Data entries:
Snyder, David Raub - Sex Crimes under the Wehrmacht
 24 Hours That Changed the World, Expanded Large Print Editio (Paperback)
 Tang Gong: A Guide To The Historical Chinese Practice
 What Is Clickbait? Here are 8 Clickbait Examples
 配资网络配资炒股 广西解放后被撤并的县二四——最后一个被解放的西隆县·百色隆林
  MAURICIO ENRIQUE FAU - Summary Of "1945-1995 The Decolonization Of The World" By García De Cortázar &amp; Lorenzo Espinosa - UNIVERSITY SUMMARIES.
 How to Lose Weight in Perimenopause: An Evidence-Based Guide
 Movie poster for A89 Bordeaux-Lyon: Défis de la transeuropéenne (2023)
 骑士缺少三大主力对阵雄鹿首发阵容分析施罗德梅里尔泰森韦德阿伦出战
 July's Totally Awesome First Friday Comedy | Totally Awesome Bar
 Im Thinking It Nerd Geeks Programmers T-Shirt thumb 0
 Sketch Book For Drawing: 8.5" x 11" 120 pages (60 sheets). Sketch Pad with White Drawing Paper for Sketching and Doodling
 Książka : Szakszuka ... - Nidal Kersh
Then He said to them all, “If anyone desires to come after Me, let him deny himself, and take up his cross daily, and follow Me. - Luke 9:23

Work to complete> What you write must match the records above line for line.

Answer for the task>
Snyder, David Raub - Sex Crimes under the Wehrmacht
 24 Hours That Changed the World, Expanded Large Print Editio (Paperback)
 Tang Gong: A Guide To The Historical Chinese Practice
 What Is Clickbait? Here are 8 Clickbait Examples
 配资网络配资炒股 广西解放后被撤并的县二四——最后一个被解放的西隆县·百色隆林
  MAURICIO ENRIQUE FAU - Summary Of "1945-1995 The Decolonization Of The World" By García De Cortázar &amp; Lorenzo Espinosa - UNIVERSITY SUMMARIES.
 How to Lose Weight in Perimenopause: An Evidence-Based Guide
 Movie poster for A89 Bordeaux-Lyon: Défis de la transeuropéenne (2023)
 骑士缺少三大主力对阵雄鹿首发阵容分析施罗德梅里尔泰森韦德阿伦出战
 July's Totally Awesome First Friday Comedy | Totally Awesome Bar
 Im Thinking It Nerd Geeks Programmers T-Shirt thumb 0
 Sketch Book For Drawing: 8.5" x 11" 120 pages (60 sheets). Sketch Pad with White Drawing Paper for Sketching and Doodling
 Książka : Szakszuka ... - Nidal Kersh
Then He said to them all, “If anyone desires to come after Me, let him deny himself, and take up his cross daily, and follow Me. - Luke 9:23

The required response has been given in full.